Senkrecht zu Boden gestürzt
Die Maschine hatte schon fast ihre Reiseflughöhe erreicht, als sie praktisch senkrecht zu Boden stürzte. Das erkläre die Zerstörung, teilten die ägyptischen Behörden mit. Die Wrackteile wurden dann rund hundert Kilometer südlich der Stadt Al-Arisch im bergigen Nordsinai gefunden. Nach Behördenangaben gab es keine Überlebenden.
Das Luftfahrtministerium teilte mit, der Funkverkehr mit den Piloten sei vor dem Unglück normal gewesen. Die Nachrichtenagentur Interfax berichtete, medizinische Tests der Besatzung seien unauffällig gewesen.
Die ägyptische Regierung erklärte nach dem Absturz, es gebe keine Hinweise auf "Unregelmäßigkeiten". Einen Anschlag hielt auch die russische Regierung für unwahrscheinlich: Ein Bekenntnis der Extremistenmiliz Islamischer Staat sei unglaubwürdig. Eine IS-Gruppe hatte erklärt, sie habe das Flugzeug aus Rache für russische Luftangriffe in Syrien abgeschossen.

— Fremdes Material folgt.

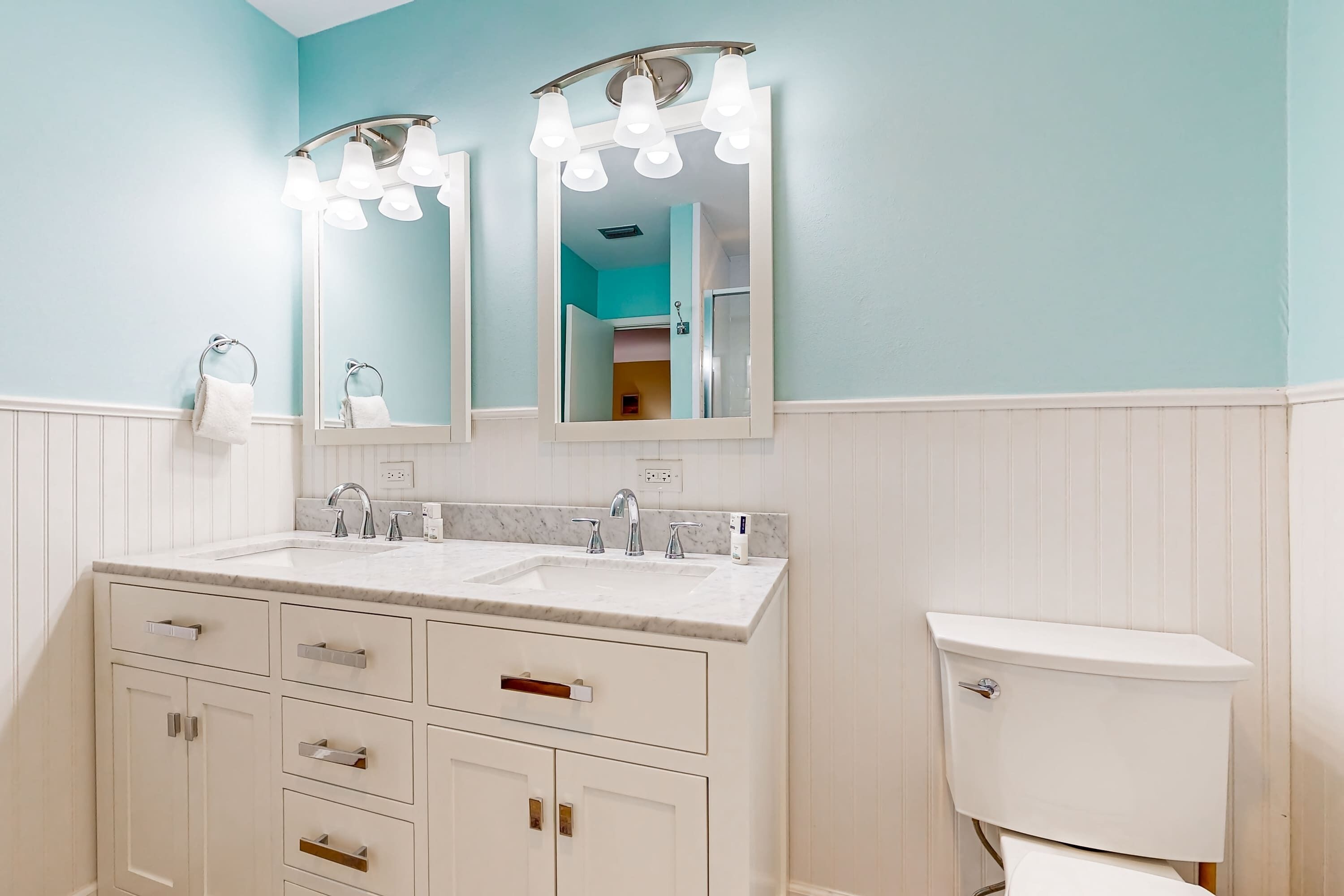 A bathroom with a double sink vanity, a toilet, and two wall-mounted mirrors with light fixtures.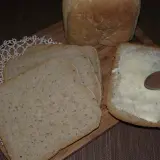 Chleb pszenno żytni na zakwasie, pokrojony w kromki. Jedna kromka posmarowana masłem, obok leżą kolejne.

In der Region rund um den Absturzort tobt ein Aufstand IS-naher Extremisten. Experten bezweifeln aber, dass sie ein Flugzeug aus fast zehn Kilometern Höhe abschießen können. Zudem hat sich der IS wiederholt als Drahtzieher von Anschlägen dargestellt, die der Gruppe aber nicht mit Sicherheit zugeordnet werden konnten.
Airlines meiden die Region
Dennoch kündigten Lufthansa, Air France-KLM und andere Konzerne wie Emirates an, den Sinai bis zur Aufklärung zu umzufliegen. Die Bundesstelle für Flugunfalluntersuchung, die französische Flugaufsicht sowie Airbus schickten Experten nach Ägypten.

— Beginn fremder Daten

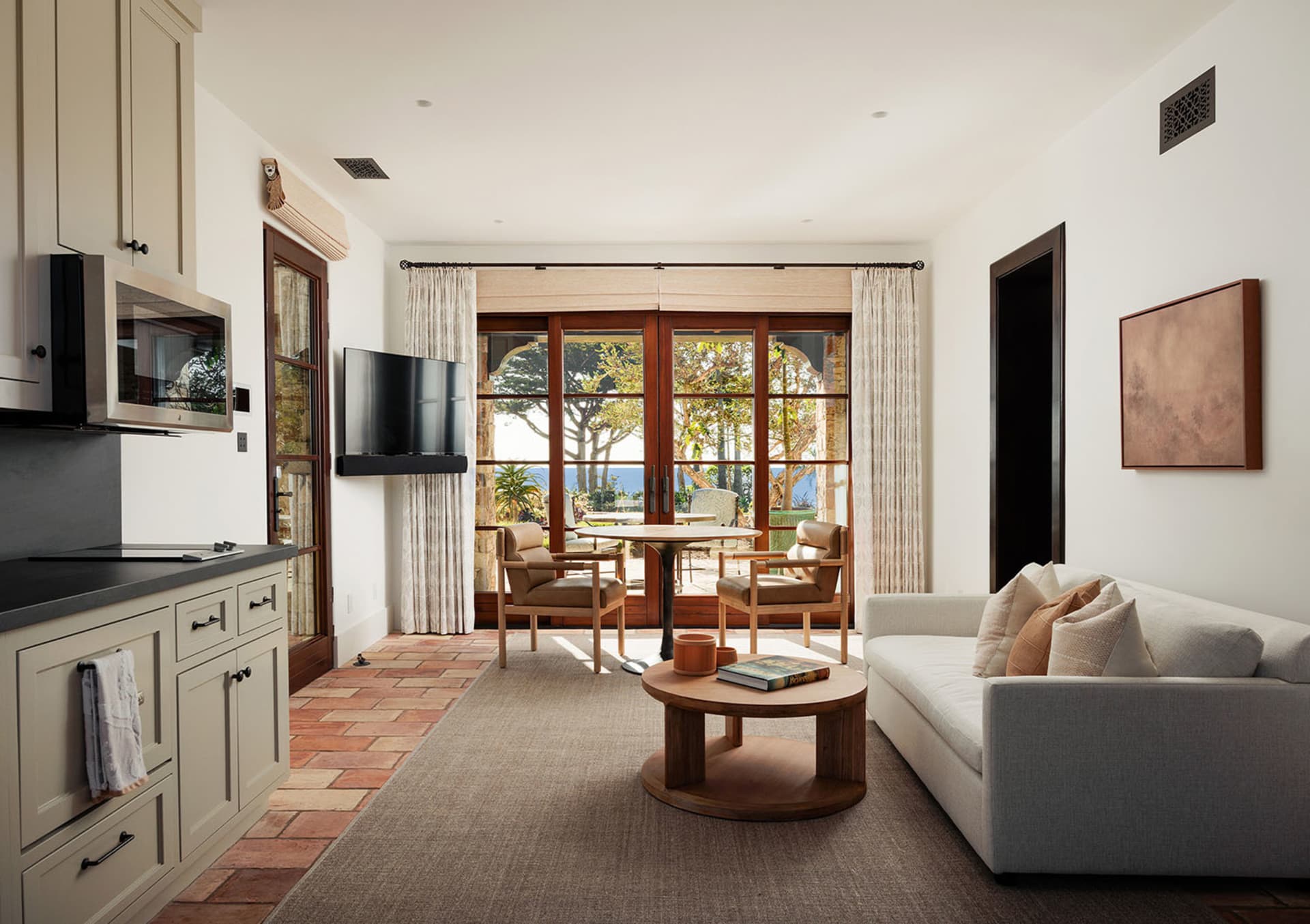 Bright open-plan living room featuring terracotta floor tiles, a light gray sofa, round oak coffee table, two leather armchairs, wall-mounted TV, and large glass doors opening to a coastal terrace with ocean view.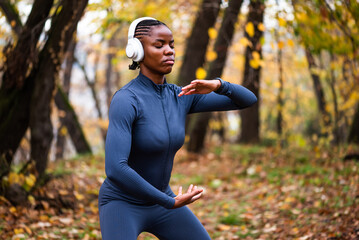 Young black woman is exercising Tai chi exercise in park in autumn. She is wearing wireless headphones.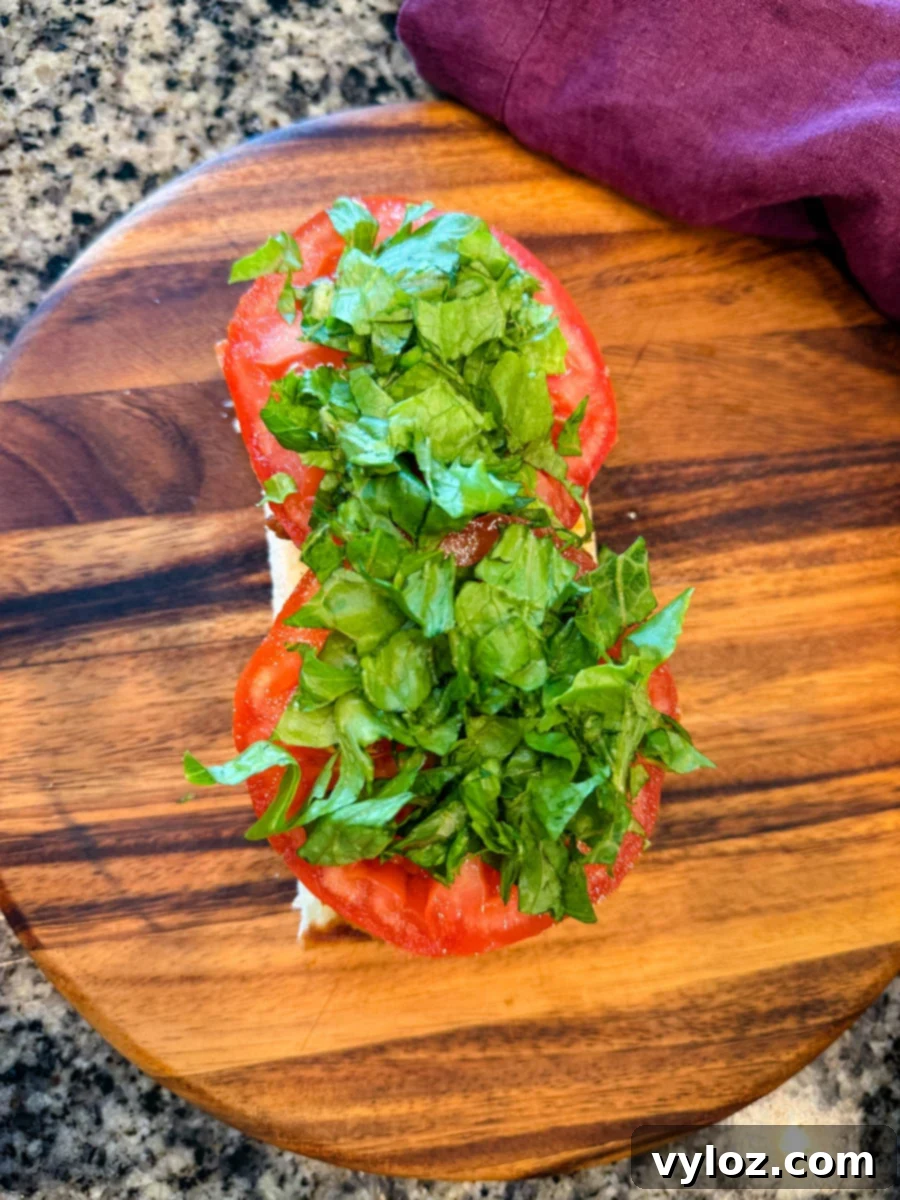 Crispy Chicken Po Boy 10 Overhead shot of a sandwich roll topped with fresh tomato slices and shredded romaine lettuce, ready for the top bun and serving. On a wooden board with a purple napkin nearby.
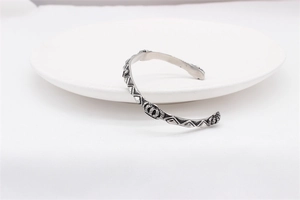 Close-up of vintage crown relief and geometric patterns on a silver steel bangle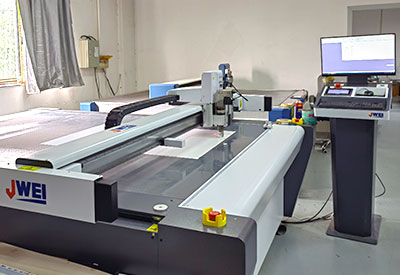 Warp and weft cutting machine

Luftfahrtexperten zufolge kann ein Anschlag, etwa durch eine Bombe an Bord, nicht ausgeschlossen werden. Sollte eine Bombe in rund 10.000 Metern Höhe an Bord explodiert sein, wäre das Flugzeug wegen des Drucks Militärexperten zufolge aber in der Luft komplett zerstört worden. Es könnte aber "weiter unten etwas passiert sein", möglicherweise habe jemand an Bord den Piloten gezwungen, in den Sinkflug zu gehen. Dann könnte es eine Explosion gegeben haben. Anderen Experten zufolge sind überdies die Gepäckkontrollen an ägyptischen Flughäfen eher lax.
Das Auseinanderbrechen in der Luft kann sowohl für einen Anschlag als auch für einen technischen Defekt an Bord sprechen, wobei es den Experten zufolge äußerst selten ist, dass ein technisches Problem zu einer Explosion des Flugzeugs in der Luft führt.
In Russland wurde für Sonntag Staatstrauer angeordnet. An Bord des Flugzeugs waren vor allem russische Urlauber. Am Zielflughafen St. Petersburg versammelten sich viele Angehörige. Der Agentur Interfax zufolge untersagte die russische Flugaufsicht der Metrojet-Mutter Kogalymavia inzwischen den Betrieb ihrer übrigen A321, bis die Unfallursache geklärt ist.